Diante de milhares de pessoas, Trump apoiou a criação da nova secretaria federal e se comprometeu a construir “uma sociedade onde a vida seja celebrada, protegida e apreciada”.

Desde 2011, o presidente norte-americano tem se manifestado abertamente a favor dessas premissas e, como consequência, tem trabalhado para reduzir o número de abortos estabelecendo novas regras e mudanças políticas em todas as instâncias. “Ele também manteve a maioria conservadora do Supremo Tribunal, ao confirmar o juiz Neil Gorsuch”, relata a Federal News Radio.

O Departamento de Saúde explicou que esta nova secretaria foi criada “para restaurar a aplicação federal das leis que protegem os direitos fundamentais e inalienáveis”.

“As proteções de consciência se aplicam aos prestadores de cuidados médicos que se recusam a realizar, atender ou ajudar em determinados serviços médicos por razões religiosas ou morais”, diz a lei, de acordo com o governo.

O diretor do Departamento de Direitos Civis, Roger Severino, enfatizou que a criação da secretaria “impedirá que esta e outras leis relacionadas que protegem a liberdade religiosa e os direitos de consciência sejam apenas palavras no papel”.

“Ninguém deve ser forçado a escolher entre ajudar pessoas doentes e viver de acordo com suas convicções morais ou religiosas mais profundas, e a nova divisão ajudará a garantir que as vítimas de discriminação ilegal encontrem justiça”, disse o diretor.

Severino destacou o fato de que, de 2008 a 2010, o Departamento de Direitos Civis recebeu apenas 10 queixas de discriminação, e em apenas um ano do governo Trump, 34 já foram registradas, de acordo com a Fox News.

Sobre liberdade de religião

Três dias atrás, no Dia da Liberdade Religiosa, Trump, em relação ao mesmo assunto, foi enfático ao dizer que “nenhum americano, seja uma freira, uma enfermeira, um padeiro ou um empresário, deveria ser forçado a escolher entre princípios de fé ou obediência à lei”, informou a Casa Branca.

A Constituição dos Estados Unidos diz que “todos os homens são livres para professar e defender suas opiniões sobre assuntos de religião, e que o mesmo não diminuirá, expandirá nem afetará seus direitos civis”.

“O Congresso não fará nenhuma lei a respeito do estabelecimento de uma religião ou que proíba seu livre exercício”.

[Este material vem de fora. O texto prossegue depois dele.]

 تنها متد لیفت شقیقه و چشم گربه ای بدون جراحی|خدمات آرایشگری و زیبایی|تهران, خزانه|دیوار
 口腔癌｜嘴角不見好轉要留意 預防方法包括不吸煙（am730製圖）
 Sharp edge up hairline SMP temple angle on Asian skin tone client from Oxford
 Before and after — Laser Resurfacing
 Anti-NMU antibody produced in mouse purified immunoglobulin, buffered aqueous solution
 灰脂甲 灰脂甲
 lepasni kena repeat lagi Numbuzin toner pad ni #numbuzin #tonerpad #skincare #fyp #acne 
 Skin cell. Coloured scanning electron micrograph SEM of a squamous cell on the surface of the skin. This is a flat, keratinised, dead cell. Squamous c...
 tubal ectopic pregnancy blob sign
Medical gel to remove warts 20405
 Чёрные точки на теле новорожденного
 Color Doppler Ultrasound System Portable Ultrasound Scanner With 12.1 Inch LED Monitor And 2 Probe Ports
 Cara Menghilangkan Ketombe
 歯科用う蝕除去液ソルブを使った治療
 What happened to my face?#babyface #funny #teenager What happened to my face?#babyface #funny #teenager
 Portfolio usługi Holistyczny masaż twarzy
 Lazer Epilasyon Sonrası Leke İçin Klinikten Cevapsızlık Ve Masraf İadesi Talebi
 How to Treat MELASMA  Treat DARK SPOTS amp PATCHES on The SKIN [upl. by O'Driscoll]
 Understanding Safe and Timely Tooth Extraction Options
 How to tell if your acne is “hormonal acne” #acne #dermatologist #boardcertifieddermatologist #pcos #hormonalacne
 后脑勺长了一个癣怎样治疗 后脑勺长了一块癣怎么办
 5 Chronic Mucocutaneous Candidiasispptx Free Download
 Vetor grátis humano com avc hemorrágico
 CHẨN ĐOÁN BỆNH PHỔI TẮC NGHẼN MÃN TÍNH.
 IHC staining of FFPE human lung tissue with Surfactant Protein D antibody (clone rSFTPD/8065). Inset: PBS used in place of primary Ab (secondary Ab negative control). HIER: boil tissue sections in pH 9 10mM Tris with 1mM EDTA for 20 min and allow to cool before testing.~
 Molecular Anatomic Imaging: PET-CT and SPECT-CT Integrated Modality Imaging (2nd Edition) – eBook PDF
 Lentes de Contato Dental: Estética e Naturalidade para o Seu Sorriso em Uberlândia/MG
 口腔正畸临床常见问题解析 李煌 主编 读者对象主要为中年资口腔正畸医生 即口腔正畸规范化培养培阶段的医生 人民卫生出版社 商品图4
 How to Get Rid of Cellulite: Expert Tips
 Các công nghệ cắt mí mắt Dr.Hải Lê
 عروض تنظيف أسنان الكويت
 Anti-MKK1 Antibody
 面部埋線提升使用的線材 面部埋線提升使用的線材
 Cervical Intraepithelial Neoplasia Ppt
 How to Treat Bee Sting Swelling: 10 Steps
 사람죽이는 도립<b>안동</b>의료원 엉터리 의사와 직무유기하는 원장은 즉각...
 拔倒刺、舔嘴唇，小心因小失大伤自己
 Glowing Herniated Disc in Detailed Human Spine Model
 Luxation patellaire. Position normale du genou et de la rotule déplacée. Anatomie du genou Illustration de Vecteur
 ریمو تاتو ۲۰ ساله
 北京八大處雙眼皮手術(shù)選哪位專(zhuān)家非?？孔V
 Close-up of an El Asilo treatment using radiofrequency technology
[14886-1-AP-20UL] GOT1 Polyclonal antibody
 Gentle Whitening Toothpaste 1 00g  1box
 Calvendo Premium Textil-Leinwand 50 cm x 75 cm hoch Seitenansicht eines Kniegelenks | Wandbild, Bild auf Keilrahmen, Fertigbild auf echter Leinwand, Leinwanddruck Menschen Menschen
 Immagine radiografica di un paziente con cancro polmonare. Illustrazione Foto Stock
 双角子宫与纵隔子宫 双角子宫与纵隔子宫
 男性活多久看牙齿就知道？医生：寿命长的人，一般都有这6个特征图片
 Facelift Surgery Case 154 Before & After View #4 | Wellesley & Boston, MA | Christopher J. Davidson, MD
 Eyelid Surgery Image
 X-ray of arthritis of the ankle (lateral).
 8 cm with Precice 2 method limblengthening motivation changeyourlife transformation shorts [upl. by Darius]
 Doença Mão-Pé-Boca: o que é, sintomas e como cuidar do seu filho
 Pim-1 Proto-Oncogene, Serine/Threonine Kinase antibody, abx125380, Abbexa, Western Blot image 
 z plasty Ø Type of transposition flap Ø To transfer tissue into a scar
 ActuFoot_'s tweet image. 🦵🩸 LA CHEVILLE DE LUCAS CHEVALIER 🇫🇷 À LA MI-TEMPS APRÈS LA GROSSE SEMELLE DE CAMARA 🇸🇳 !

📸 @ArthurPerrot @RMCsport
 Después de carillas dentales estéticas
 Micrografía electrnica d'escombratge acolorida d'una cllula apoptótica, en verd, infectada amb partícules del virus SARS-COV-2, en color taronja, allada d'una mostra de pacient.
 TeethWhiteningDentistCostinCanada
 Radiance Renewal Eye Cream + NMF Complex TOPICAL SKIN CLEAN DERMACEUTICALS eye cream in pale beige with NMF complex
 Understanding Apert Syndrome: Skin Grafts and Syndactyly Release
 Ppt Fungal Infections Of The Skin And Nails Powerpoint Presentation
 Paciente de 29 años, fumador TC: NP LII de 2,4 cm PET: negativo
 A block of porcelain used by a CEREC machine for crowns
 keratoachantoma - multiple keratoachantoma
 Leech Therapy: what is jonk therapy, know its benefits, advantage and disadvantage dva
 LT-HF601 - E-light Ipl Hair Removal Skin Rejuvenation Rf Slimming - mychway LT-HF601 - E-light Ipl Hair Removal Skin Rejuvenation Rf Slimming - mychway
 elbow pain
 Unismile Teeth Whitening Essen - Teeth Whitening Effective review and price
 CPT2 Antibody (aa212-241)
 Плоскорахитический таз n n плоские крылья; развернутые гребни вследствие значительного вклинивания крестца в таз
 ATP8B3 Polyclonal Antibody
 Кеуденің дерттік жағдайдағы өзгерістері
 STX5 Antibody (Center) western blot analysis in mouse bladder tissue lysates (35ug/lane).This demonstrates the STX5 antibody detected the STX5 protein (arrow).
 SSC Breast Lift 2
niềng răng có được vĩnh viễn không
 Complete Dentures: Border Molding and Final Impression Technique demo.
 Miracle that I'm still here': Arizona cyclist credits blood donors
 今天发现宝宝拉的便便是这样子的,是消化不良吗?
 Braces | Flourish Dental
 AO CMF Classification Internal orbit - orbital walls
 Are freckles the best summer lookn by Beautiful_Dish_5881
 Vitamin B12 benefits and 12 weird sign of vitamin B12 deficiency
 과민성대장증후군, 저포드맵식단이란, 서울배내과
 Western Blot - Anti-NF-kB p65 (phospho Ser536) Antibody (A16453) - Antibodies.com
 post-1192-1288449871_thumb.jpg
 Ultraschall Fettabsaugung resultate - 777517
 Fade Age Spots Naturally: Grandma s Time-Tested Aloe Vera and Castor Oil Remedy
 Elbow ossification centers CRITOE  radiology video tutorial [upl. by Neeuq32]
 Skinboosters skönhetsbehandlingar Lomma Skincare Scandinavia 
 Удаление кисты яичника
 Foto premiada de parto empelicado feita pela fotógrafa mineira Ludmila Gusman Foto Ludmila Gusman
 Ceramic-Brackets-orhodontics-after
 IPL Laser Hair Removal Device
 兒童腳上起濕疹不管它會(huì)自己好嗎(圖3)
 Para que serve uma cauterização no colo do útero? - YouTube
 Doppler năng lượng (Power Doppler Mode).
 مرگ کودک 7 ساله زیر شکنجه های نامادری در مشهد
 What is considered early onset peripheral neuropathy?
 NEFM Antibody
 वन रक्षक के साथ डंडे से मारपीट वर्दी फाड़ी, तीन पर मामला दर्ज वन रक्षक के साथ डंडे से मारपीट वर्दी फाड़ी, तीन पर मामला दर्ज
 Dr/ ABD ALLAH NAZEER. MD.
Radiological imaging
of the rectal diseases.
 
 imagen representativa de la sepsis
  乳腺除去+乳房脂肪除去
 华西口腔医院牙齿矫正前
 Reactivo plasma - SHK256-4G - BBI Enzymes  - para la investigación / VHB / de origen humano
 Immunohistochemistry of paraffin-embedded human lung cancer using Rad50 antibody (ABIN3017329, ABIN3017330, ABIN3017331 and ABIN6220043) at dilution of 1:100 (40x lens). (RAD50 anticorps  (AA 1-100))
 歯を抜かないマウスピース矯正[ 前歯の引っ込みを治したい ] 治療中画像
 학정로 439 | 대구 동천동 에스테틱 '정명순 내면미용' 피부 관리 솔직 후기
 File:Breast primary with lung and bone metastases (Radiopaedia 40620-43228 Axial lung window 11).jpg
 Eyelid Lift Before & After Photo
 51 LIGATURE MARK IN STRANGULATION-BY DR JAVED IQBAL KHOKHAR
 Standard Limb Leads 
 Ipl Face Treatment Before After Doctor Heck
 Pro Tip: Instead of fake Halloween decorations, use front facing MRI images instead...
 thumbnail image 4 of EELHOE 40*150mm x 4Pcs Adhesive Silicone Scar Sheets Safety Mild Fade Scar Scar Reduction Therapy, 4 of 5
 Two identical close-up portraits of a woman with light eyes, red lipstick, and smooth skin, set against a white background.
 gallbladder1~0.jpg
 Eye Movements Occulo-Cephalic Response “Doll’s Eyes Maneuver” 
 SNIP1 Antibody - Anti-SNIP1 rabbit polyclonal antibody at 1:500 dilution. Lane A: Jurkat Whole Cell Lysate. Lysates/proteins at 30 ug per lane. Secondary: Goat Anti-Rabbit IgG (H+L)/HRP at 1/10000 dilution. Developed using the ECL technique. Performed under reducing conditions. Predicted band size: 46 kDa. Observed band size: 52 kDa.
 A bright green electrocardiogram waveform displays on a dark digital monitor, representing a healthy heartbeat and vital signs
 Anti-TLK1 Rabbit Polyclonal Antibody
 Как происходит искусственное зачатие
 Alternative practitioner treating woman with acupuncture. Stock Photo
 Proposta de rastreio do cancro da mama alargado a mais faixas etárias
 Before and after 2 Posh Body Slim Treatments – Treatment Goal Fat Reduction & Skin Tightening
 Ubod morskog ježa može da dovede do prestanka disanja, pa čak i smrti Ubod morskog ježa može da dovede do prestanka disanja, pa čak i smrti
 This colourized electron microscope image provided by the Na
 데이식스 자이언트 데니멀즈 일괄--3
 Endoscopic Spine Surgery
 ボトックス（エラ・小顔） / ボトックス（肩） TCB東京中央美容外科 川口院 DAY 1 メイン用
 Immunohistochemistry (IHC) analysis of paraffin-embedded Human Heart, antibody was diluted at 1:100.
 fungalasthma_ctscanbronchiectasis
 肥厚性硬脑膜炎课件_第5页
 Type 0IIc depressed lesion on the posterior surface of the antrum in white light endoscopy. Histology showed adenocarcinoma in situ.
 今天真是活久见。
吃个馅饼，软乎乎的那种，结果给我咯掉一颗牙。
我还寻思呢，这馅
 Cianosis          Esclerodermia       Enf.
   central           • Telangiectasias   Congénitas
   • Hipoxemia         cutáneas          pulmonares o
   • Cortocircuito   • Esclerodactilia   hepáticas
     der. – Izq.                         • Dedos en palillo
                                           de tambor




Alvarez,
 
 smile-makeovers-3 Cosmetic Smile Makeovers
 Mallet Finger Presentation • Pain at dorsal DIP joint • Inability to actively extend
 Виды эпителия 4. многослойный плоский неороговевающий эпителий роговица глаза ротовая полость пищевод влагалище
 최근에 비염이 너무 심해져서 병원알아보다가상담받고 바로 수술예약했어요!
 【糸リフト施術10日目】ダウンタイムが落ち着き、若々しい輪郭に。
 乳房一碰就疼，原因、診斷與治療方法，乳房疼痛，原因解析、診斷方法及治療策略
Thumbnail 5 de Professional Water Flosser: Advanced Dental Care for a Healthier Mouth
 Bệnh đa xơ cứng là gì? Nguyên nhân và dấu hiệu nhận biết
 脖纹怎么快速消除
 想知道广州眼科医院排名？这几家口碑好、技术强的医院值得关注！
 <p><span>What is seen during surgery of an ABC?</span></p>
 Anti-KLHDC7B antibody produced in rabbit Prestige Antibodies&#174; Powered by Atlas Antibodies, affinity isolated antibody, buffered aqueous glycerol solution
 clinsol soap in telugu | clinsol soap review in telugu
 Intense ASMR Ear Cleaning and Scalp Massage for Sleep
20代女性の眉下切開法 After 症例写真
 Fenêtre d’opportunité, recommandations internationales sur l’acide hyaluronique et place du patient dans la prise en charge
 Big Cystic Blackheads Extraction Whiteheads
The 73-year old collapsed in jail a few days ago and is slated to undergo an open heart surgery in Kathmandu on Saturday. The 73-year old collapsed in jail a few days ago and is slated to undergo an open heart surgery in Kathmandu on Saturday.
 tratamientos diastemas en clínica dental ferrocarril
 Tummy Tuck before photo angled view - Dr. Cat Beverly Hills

Reação do Partido Democrata

Representantes do Partido Democrata se pronunciaram contrários a proteger os direitos das pessoas à vida e o direito à consciência e à moral dos funcionários da área de saúde em questões relacionadas a aborto e suicídio.

“Esta administração não está aumentando a liberdade, ela está preparando o caminho para a discriminação”, disse Louise Melling, diretora assistente da União Norte-americana de Liberdades Civis, de acordo com o Washington Post.

Frank Pallone, democrata de Nova York, disse que “a liberdade religiosa não deve significar que nossos profissionais de saúde tenham licença para discriminar ou impor suas crenças aos outros”.

No entanto, a atual lei do aborto aprovada pelo governo anterior de Barack Obama está em vigor e não penaliza os médicos que se manifestam sem problemas de consciência para continuar com essas práticas.

Uma posição um pouco mais neutra foi declarada ao Washington Post pela analista da Fundação Heritage, Melanie Israel.

“No contexto da atenção à saúde, os americanos têm diferenças profundas e sinceras em uma série de questões éticas e morais”.

“São essas proteções de consciência que nos permitem trabalhar e viver juntos, apesar das nossas diferenças”.